Broadway Calls - Comfort/Distraction
Record Label: No Sleep
Release Date: Feb. 5, 2013
Pop-punk has long laid dormant in the Pacific Northwest outside of last bastion MxPx, but some reinforcement has arrived. Broadway Calls follows up their solid 2009 release Good Views, Bad News with Comfort/Distraction, the band's first album on No Sleep's increasingly impressive roster. Broadway Calls has put together 11 tracks of hyper-focused pop-punk jams, borrowing elements from many of their predecessors, but never sounding quite like any of them. Each song is distinctly Broadway Calls and nobody else, a feat that grows more and more difficult each year in a genre that is often watered down by bands re-hashing the same things over and over. There's great variation in tempo throughout Comfort/Distraction but rarely a loss of momentum, thanks to good sequencing and a snotty vocal aggression that never subsides. All of this is encased in phenomenal production by Bill Stevenson, a veritable god in the genre. Stevenson has produced some of the greatest punk albums in the past decade, including Propaghandi's Supporting Caste, No Trigger's Canyoneer, and Comeback Kid's Wake the Dead. All are incredible sounding records, and Comfort/Distraction fits right into this bunch.

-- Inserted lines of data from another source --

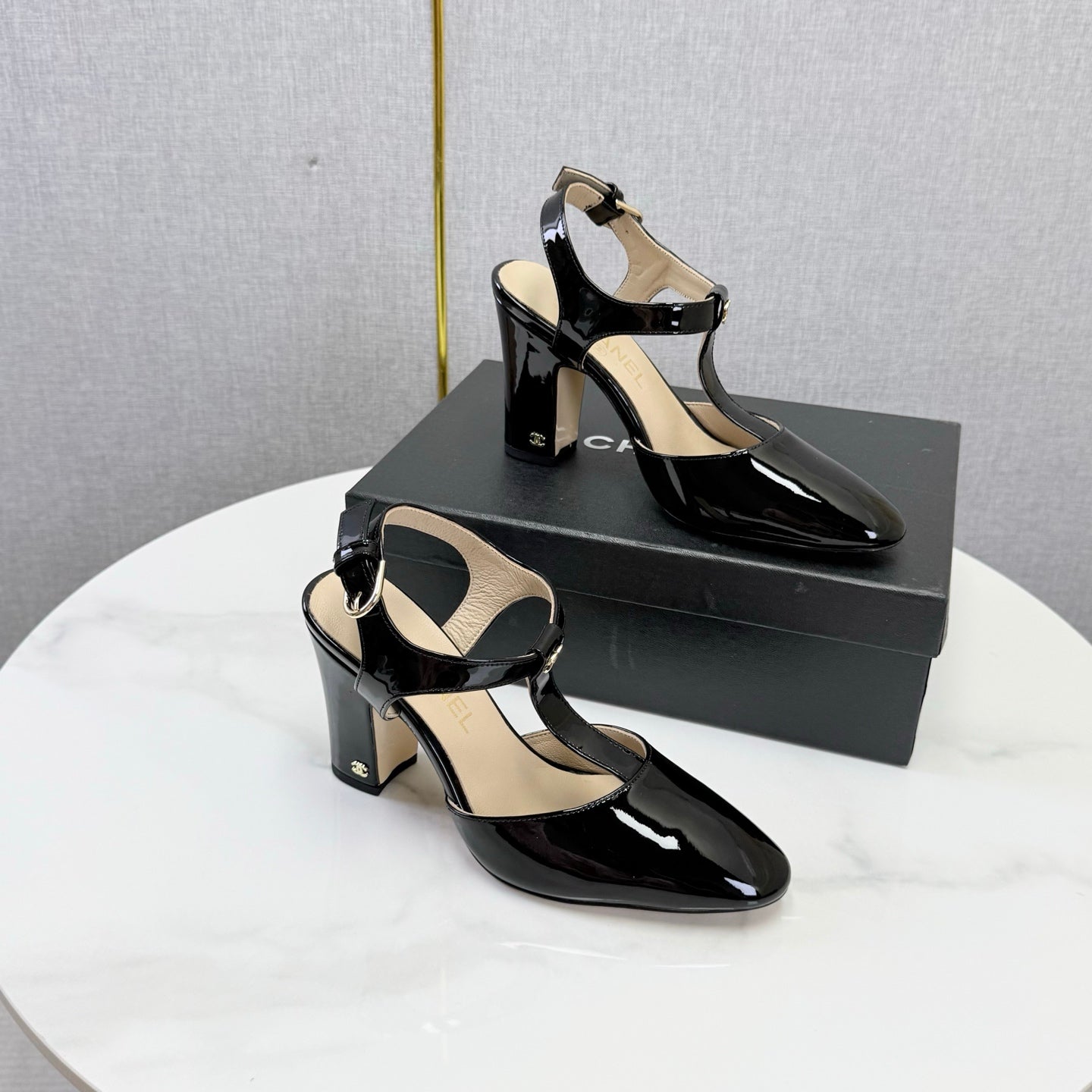 Chanel 2026 T-strap Slingback 90mm Patent Leather 904405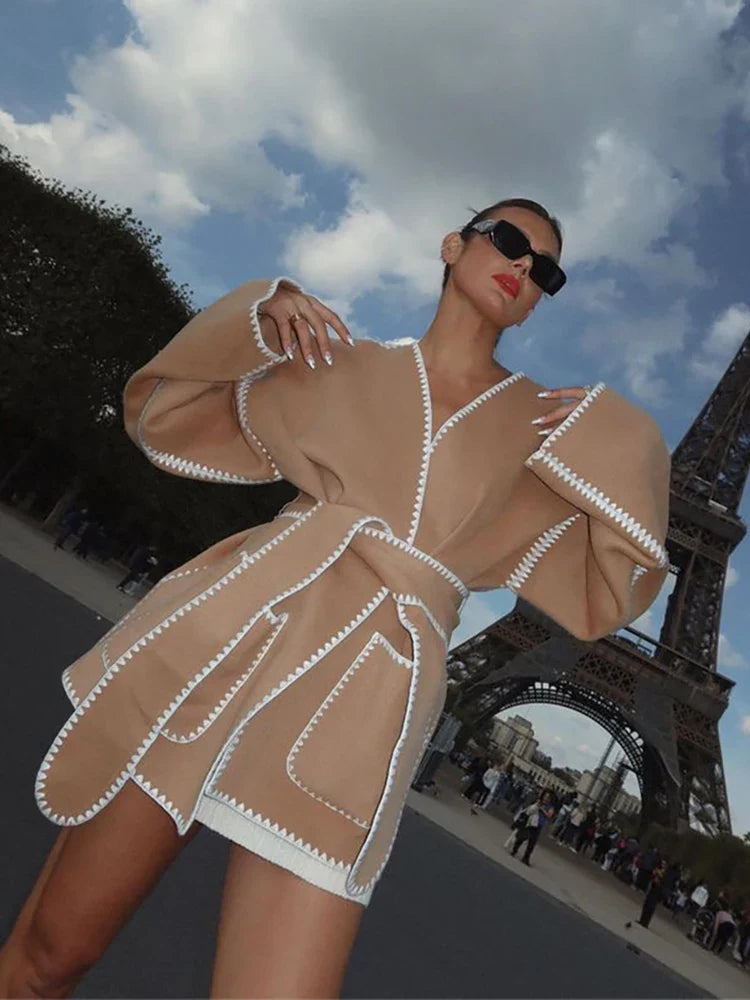 Embroidered Lace V Neck Coat - Fashionpara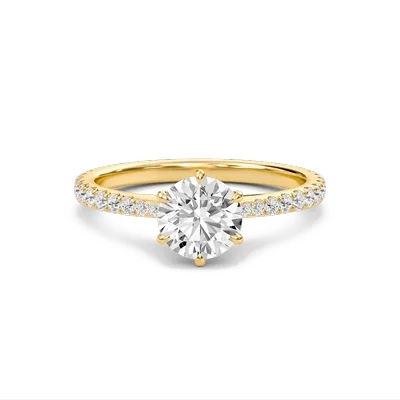Classic Pave Six Prong Engagement Ring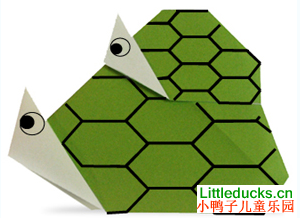 动物折纸大全:乌龟叠罗汉折纸方法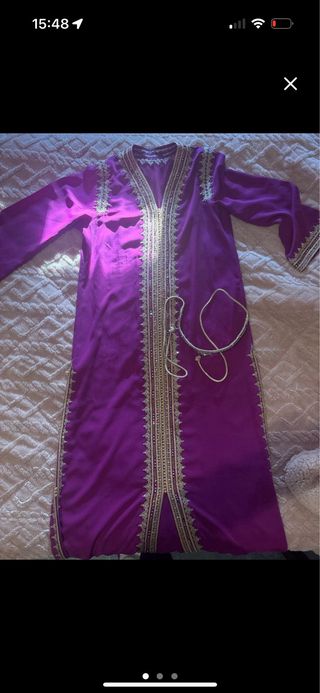 Kaftán Morado y Dorado Talla Única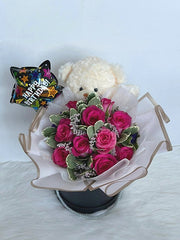 Fashionable Fresh Fushia Roses in a box with Bear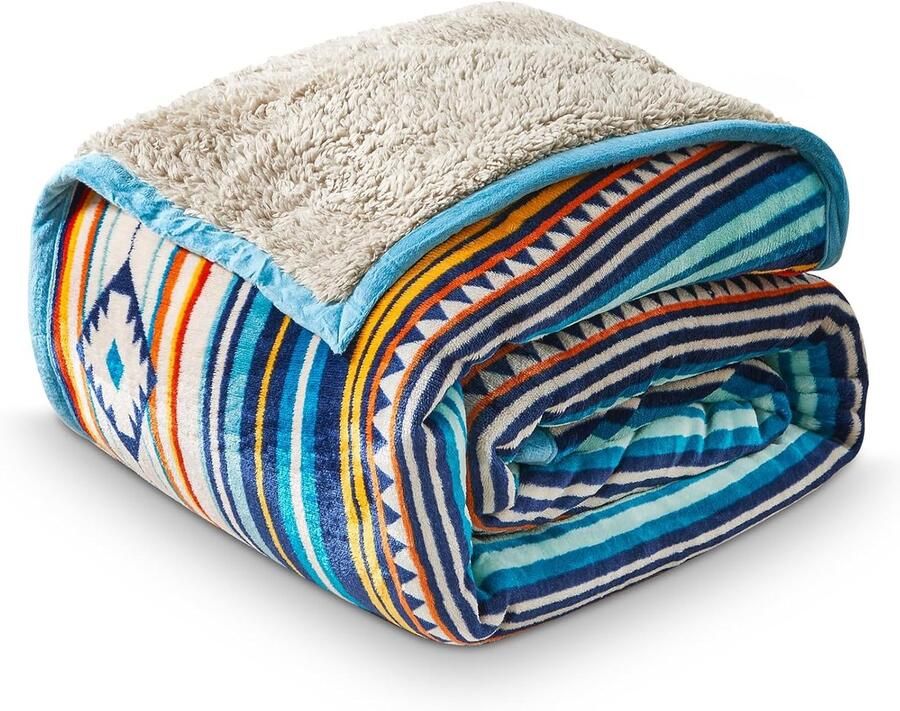 Famanu Flanellen Deken Omkeerbaar Sherpa Fleece Blauwe Strepen Zacht & Comfortabel Plaid voor Bank & Bed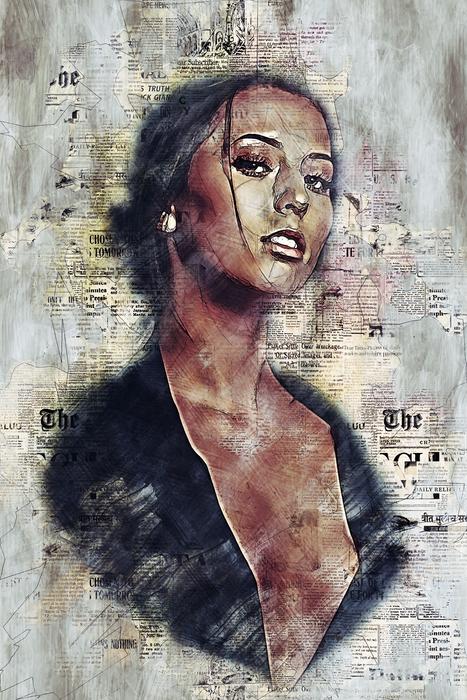 digital portrait of a girl on a newspaper background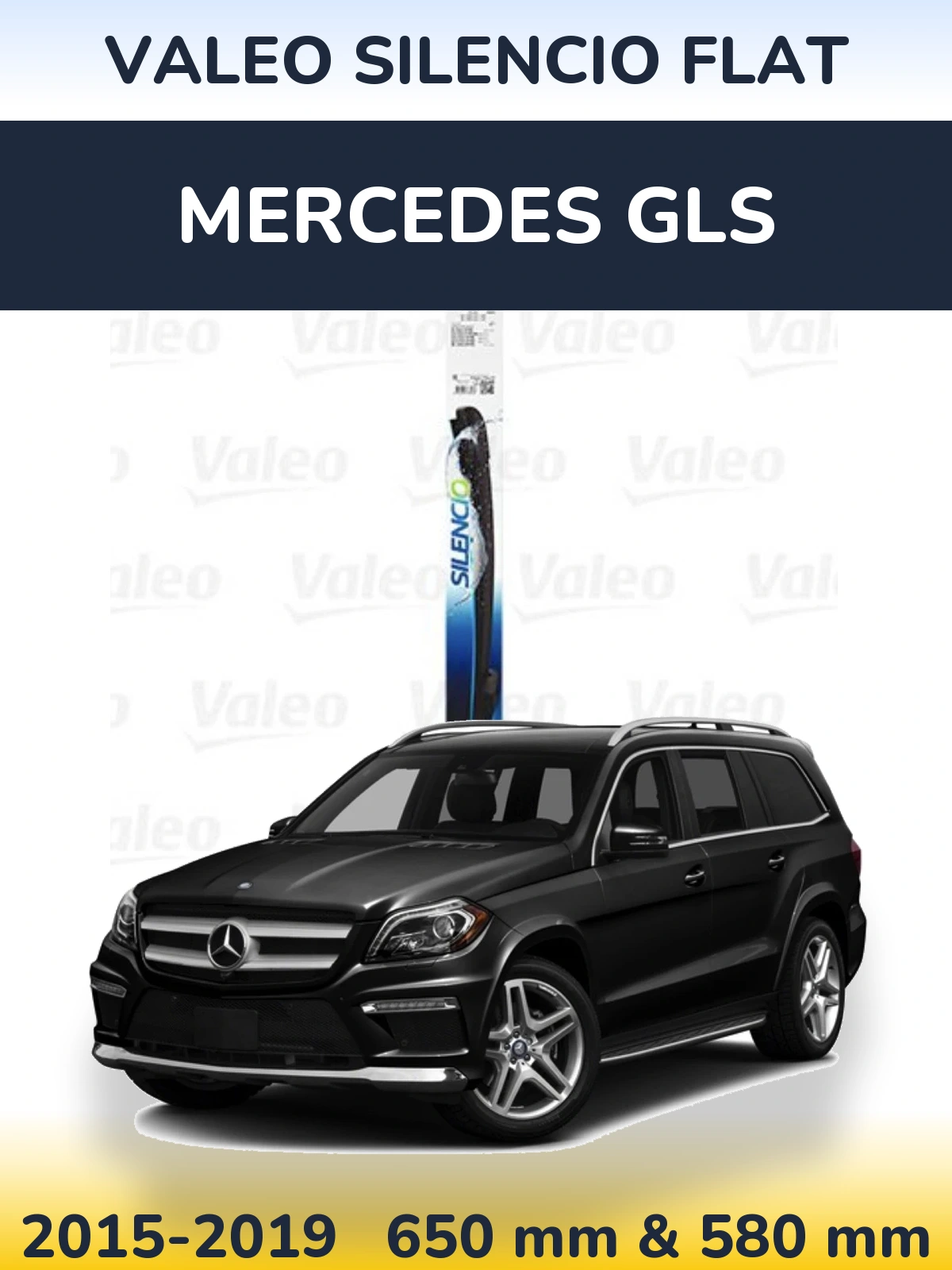 Комплект передних дворников Valeo Silencio Flat 650 & 580 мм для Mercedes GLS 2015-2019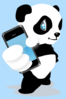 Panda With Mobile Phone Clip Art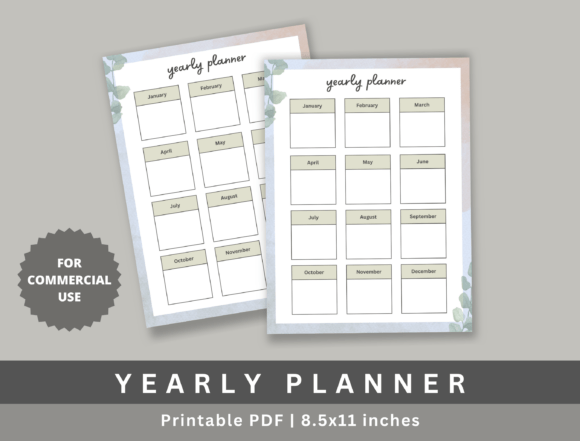 Yearly Planner, KDP: Simple, Print-Ready Design
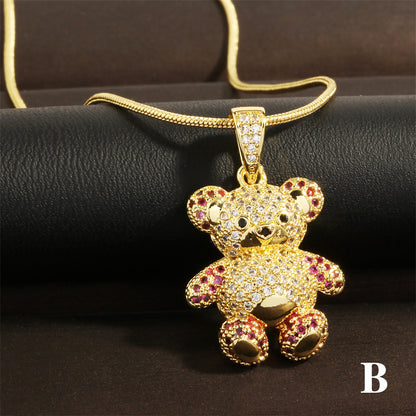 Vintage Style Bear Copper Plating Inlay Zircon 18k Gold Plated Pendant Necklace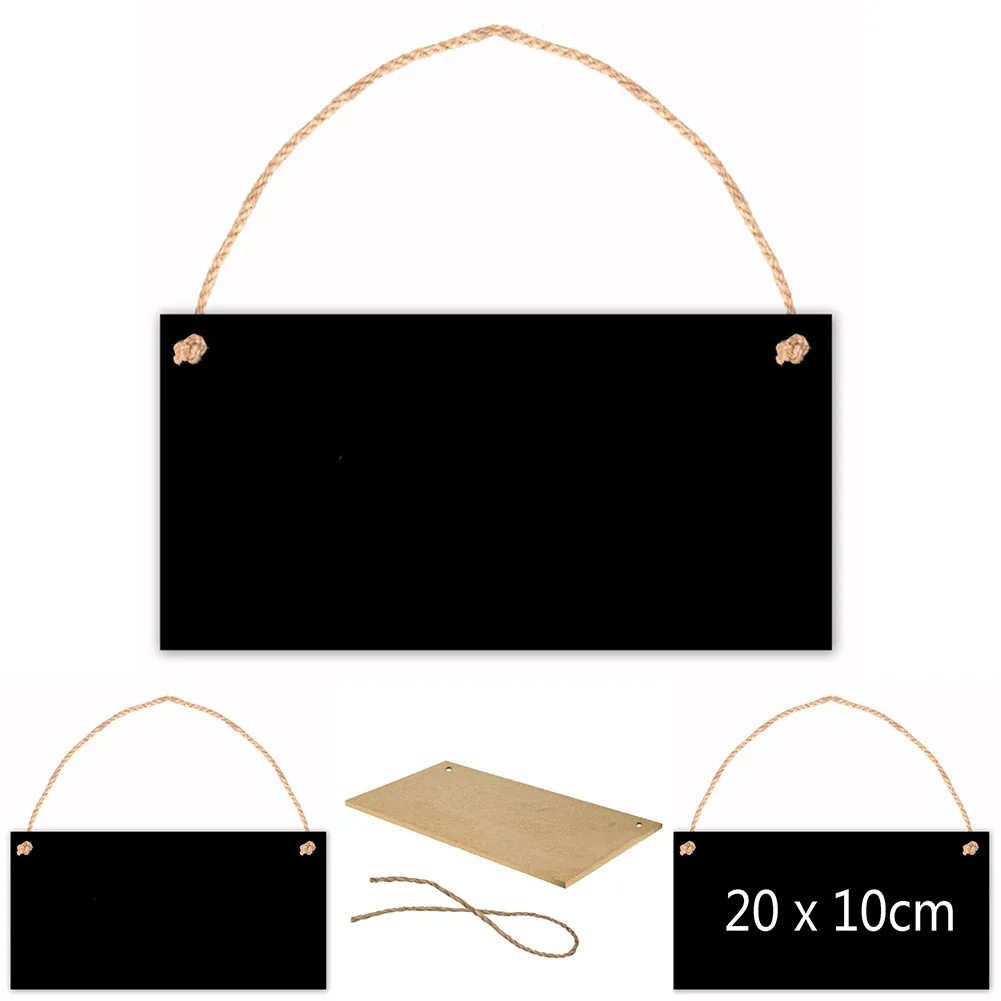 Wood Message Boards Hanging Blackboard Sign Board Writing Message Board For Home Market Store Market Club Door Hanging Plate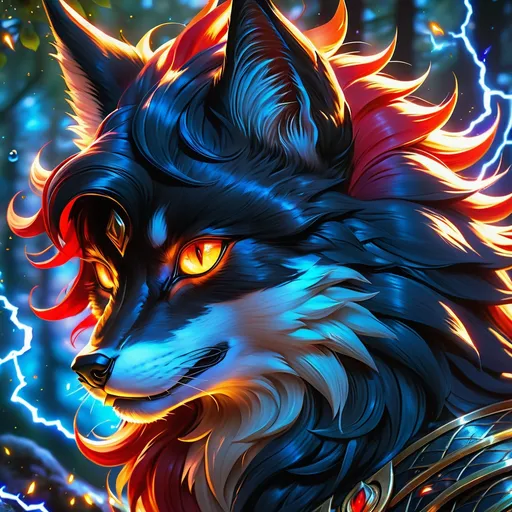 Prompt: young warrior black fox with (solid jet black fur) and {scarlet eyes}, feral, gorgeous anime portrait, 2d cartoon,  lightning element, crackling lightning, beautiful 8k eyes, fine oil painting, intense, wearing shiny bracelet, low angle view, (unsheathed claws), visible claws, 64k, fine colored pencil,  head turned toward viewer, hyper detailed, expressive, intense, heroic, friendly, compassionate, brawny, thick billowing mane, fiery colors, psychedelic colors, lightning charged atmosphere, colorful stones, glistening black fur, prowling through a twilight forest,  golden ratio, intricate detailed fur, precise, perfect proportions, vibrant, prowling by a sun-bathed river, hyper detailed, complementary colors, UHD, HDR, top quality artwork, beautiful detailed background, unreal 5, artstaion, deviantart, instagram, professional, masterpiece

There's a very thin line in pop-punk between influence and being derivative, and Broadway Calls stays on the side of homage. There's unmistakable hints of all kinds of bands in there, the bouncing bass lines of the Descendents in "Open Letter," the distinctive progressions of Green Day in "Wildly Swinging," and many others - but it is almost always familiar, and never blatant. That's a sign of outstanding song writing in a genre where it is nearly impossible to be completely original, but Broadway Calls manages it. Even though Broadway Calls is best when at breakneck pace ("Life is Rhythm"), mid-tempo jams like "Surrounded By Ghosts" and the slower "Lucky Lighter" still have great composition. All the more impressive is the amount of depth Comfort/Distraction manages to get from this trio, another hat tip not only to the band, but to Bill Stevenson, for making relatively simplistic songs sound punchy and huge at the same time. Vocalist Ty Vaughn sounds better than ever, with a defiantly snotty delivery that cuts through clearly and carries songs that may otherwise have fallen flat, such as "Minus One." Even on the album's biggest misstep ("Zombie World") his presence is undeniable, commanding. There's certainly something redeeming about most songs on Comfort/Distraction.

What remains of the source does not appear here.